You Ask, We Answer: What Exactly Is A 360 Deal?

Our question today comes from Wes Davenport, who asks:

I would like a story on 360 deals in the music industry. From what I understand, these deals take over duties involving merchandise, concert booking, and other aspects of the business to increase profits and ease the load on the musician … These deals are controversial among the musicians I’ve spoken with. Some of them like being freed up to create music. Many, however, see it as a ploy to grab more money from the artist. I can see how this is controversial, particularly since the internet provides outlets to substitute for a label’s services.

Wes has the basics, though Danny Goldberg, President of Gold Village Entertainment — which represents artists — is quick to say, “a 360 deal is not something that has a precise definition. But in general, what it means is usually a deal with a record company in which the record company also participates in the income of all of the other aspects of the artist’s work, such as songwriting and merchandise, in addition to making money off the records.”

Hence the term, “360 deal.” But even that is a bit of a misnomer, according to Glenn Peoples, Senior Editorial Analyst for Billboard magazine.

“Most deals are about 270, maximum, not 360 degrees,” he says. “In theory a 360 deal encompasses all revenue that an artist brings in, and hence the name, ‘360 degrees.’ I’m going back and forth between ‘360’ and ‘multi-rights.’ Usually in my writing I call it ‘multi-rights.'”

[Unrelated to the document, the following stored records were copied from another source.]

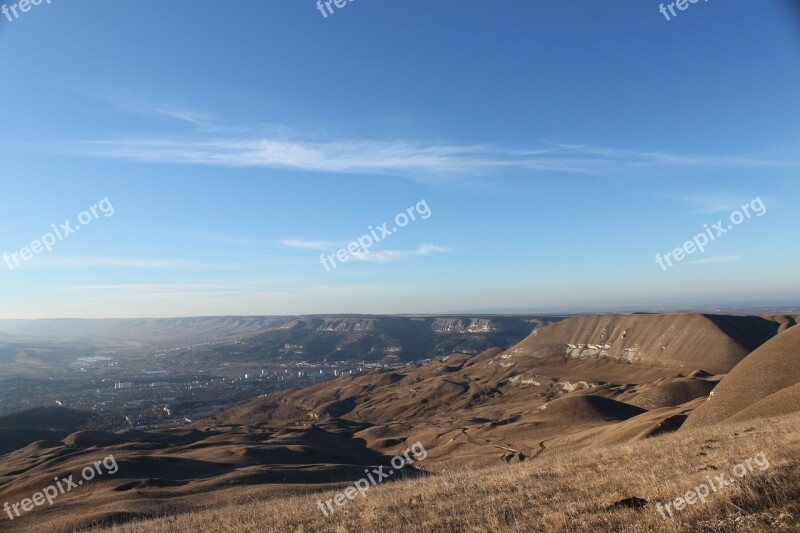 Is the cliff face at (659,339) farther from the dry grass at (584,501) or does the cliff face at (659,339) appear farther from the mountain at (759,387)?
the dry grass at (584,501)

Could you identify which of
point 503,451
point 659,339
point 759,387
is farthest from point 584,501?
point 659,339

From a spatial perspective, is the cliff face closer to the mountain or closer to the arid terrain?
the arid terrain

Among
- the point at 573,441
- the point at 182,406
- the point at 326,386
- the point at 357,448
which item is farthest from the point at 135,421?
the point at 573,441

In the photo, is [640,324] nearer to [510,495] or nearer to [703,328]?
[703,328]

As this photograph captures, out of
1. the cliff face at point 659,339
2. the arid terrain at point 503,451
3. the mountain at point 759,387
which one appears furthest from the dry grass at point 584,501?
the cliff face at point 659,339

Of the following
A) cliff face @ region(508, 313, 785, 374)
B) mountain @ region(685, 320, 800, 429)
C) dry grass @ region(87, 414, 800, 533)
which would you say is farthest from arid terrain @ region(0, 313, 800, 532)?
cliff face @ region(508, 313, 785, 374)

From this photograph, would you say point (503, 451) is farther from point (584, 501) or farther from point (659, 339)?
point (659, 339)
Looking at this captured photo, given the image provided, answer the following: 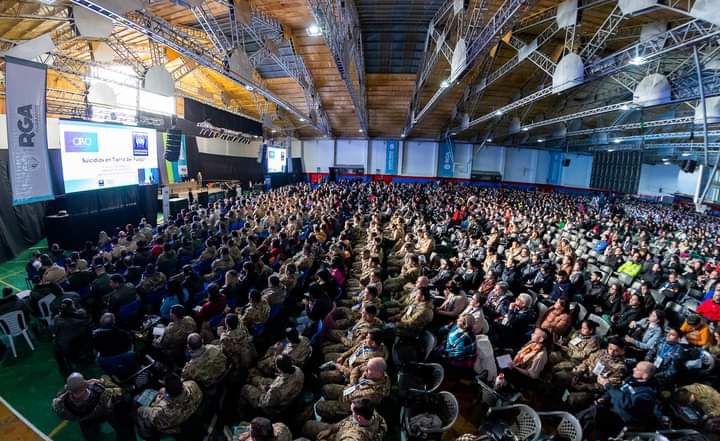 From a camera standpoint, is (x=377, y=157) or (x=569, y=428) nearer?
(x=569, y=428)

The first 360 or multi-rights deals that gained wide attention were not between artists and record labels  but between performers and the giant concert promoter Live Nation. Madonnasigned a 360 deal with Live Nation in 2007 that landed the performer a reported $120 million over 10 years and gave Live Nation a share of her touring revenue — but no money from recorded music. The following year, Jay-Z signed a deal with the concert promoter worth roughly $150 million over ten years.

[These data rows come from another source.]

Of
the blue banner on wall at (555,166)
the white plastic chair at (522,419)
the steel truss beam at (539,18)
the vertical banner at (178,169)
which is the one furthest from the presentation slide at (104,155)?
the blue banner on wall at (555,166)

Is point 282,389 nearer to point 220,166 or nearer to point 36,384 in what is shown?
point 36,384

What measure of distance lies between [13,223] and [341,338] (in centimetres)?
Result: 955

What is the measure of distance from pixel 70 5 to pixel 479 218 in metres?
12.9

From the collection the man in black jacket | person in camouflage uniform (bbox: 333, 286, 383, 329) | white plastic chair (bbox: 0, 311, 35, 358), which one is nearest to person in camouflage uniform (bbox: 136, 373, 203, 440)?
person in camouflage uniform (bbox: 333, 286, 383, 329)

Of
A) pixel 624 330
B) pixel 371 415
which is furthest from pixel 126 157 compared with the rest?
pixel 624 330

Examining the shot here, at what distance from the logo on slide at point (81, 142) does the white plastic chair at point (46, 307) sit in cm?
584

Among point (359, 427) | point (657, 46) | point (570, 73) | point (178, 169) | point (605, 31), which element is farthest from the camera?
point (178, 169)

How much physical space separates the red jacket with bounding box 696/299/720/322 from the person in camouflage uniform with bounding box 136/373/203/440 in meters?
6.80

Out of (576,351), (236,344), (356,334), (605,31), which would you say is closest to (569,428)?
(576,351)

Peoples describes how these kinds of deals work:

“If Live Nation is your promoter — and when you have this deal they’re the exclusive promoter — you’re gonna be making money on touring and Live Nation as a promoter is gonna take their cut. So in a multi-rights deal that wouldn’t change. Once you bring in merchandise, that adds another element to it. And Live Nation wants to add merchandise to it — that it can sell at its venues and through its websites, and it can leverage the relationships it has with its concert goers and ticket buyers. Originally Live Nation did want to get into recorded music also. And they briefly formed a record label, Live Nation Music, and actually signed Zac Brown Band. They promoted the first single, and then dropped the label and Zac went to Atlantic.”

Peoples says Jay-Z’s deal with Live Nation was different: it created a joint venture for the performer to run some of his businesses through Roc Nation and Live Nation. “These are superstars,” Peoples says, ” and these are very different deals than the baby bands are signing with record labels.”

A multi-rights deal can include merchandise sold at concerts, band web sites and brick-and-mortar retail outlets as well as revenue from touring, sponsorships and even fan sites — all of the ancillary revenue streams that an artist generates.

“So merchandise is a bigger part of a record label’s pie,” Peoples continues, “and as it becomes a bigger part, they’re taking revenue from artists. So, it’s been called a land grab, which is not totally accurate, but it does I think reflect the impact that a record label has on an artist’s career.”

As an example, he cites the most recent figures from Warner Music Group. In an earnings statement this month, Warner reported that non-traditional income accounted for 13% of revenue in its most recent quarter and 10% for the full year.

“Non-traditional revenue is the kind of stuff in multi-rights deals,” says Peoples: “10% isn’t much, but it’s a big improvement from nothing — which is where non-trad revenue was just a few years ago.”